#### [What is required]
Retype the records below exactly as they stand, omitting the pictures.
+ + + + + + +
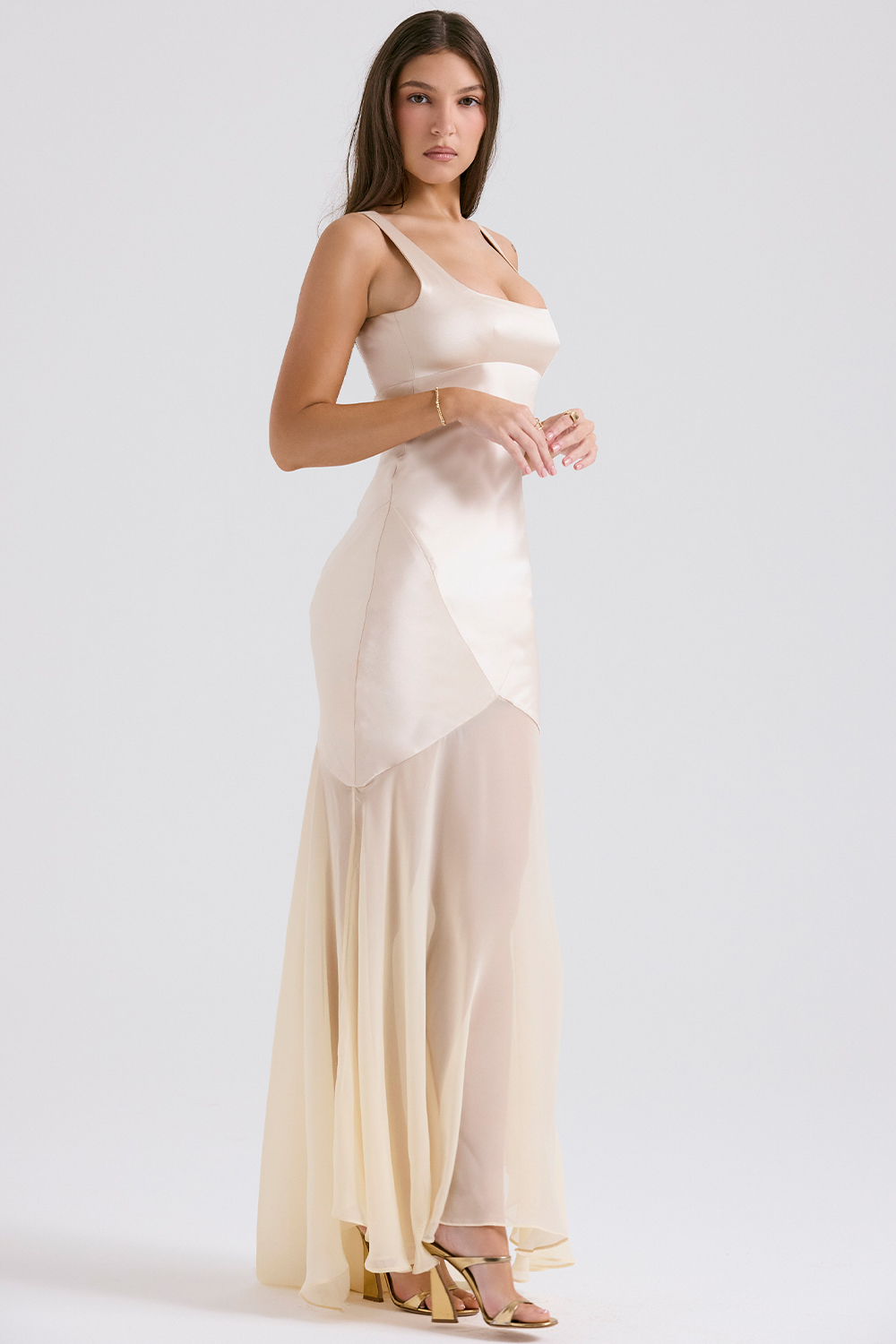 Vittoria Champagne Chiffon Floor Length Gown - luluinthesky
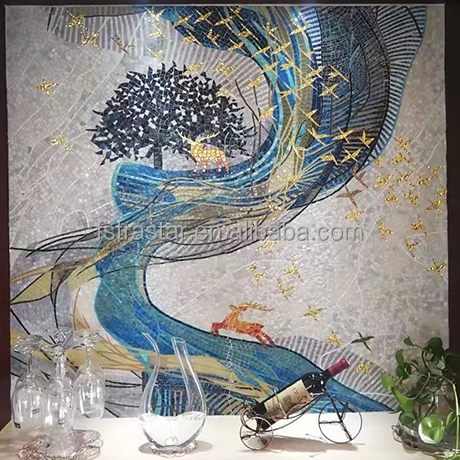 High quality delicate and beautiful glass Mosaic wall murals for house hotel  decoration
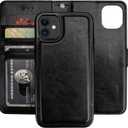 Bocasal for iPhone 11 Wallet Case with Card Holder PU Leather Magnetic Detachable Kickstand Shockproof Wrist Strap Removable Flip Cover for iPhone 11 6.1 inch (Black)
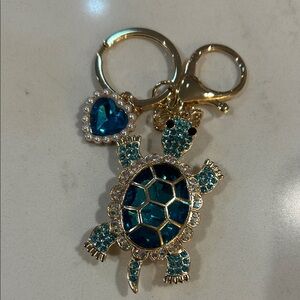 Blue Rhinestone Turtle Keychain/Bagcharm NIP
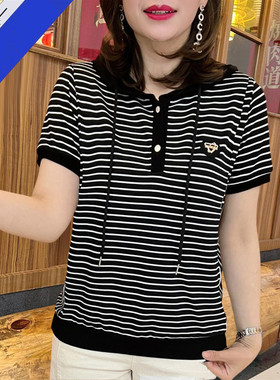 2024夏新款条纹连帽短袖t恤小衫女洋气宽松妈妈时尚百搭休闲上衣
+ + + + + + +
#### [Completed exercise]
 Vittoria Champagne Chiffon Floor Length Gown - luluinthesky
 High quality delicate and beautiful glass Mosaic wall murals for house hotel  decoration
 Bocasal for iPhone 11 Wallet Case with Card Holder PU Leather Magnetic Detachable Kickstand Shockproof Wrist Strap Removable Flip Cover for iPhone 11 6.1 inch (Black)
 Blue Rhinestone Turtle Keychain/Bagcharm NIP
 2024夏新款条纹连帽短袖t恤小衫女洋气宽松妈妈时尚百搭休闲上衣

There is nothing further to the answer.